- _Problem to solve_:
Give again, word for word, each line below starting at the one that contains "Apartment Sunny With Swimming Pool - 247 *" and ending at the one that contains "Luxury Ko Olina".

- _Exercise materials_:

+===+

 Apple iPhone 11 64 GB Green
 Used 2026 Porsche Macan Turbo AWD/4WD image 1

+===+

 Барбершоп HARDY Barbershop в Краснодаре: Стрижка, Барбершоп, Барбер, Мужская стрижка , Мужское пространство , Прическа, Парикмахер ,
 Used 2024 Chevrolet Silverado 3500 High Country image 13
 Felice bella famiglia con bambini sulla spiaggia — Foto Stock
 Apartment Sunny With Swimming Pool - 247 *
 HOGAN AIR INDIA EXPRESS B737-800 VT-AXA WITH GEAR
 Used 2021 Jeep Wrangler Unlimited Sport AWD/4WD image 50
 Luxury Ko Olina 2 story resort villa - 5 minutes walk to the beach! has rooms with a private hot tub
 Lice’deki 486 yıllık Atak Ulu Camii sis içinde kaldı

+===+

- _Response to the task_:
 Apartment Sunny With Swimming Pool - 247 *
 HOGAN AIR INDIA EXPRESS B737-800 VT-AXA WITH GEAR
 Used 2021 Jeep Wrangler Unlimited Sport AWD/4WD image 50
 Luxury Ko Olina 2 story resort villa - 5 minutes walk to the beach! has rooms with a private hot tub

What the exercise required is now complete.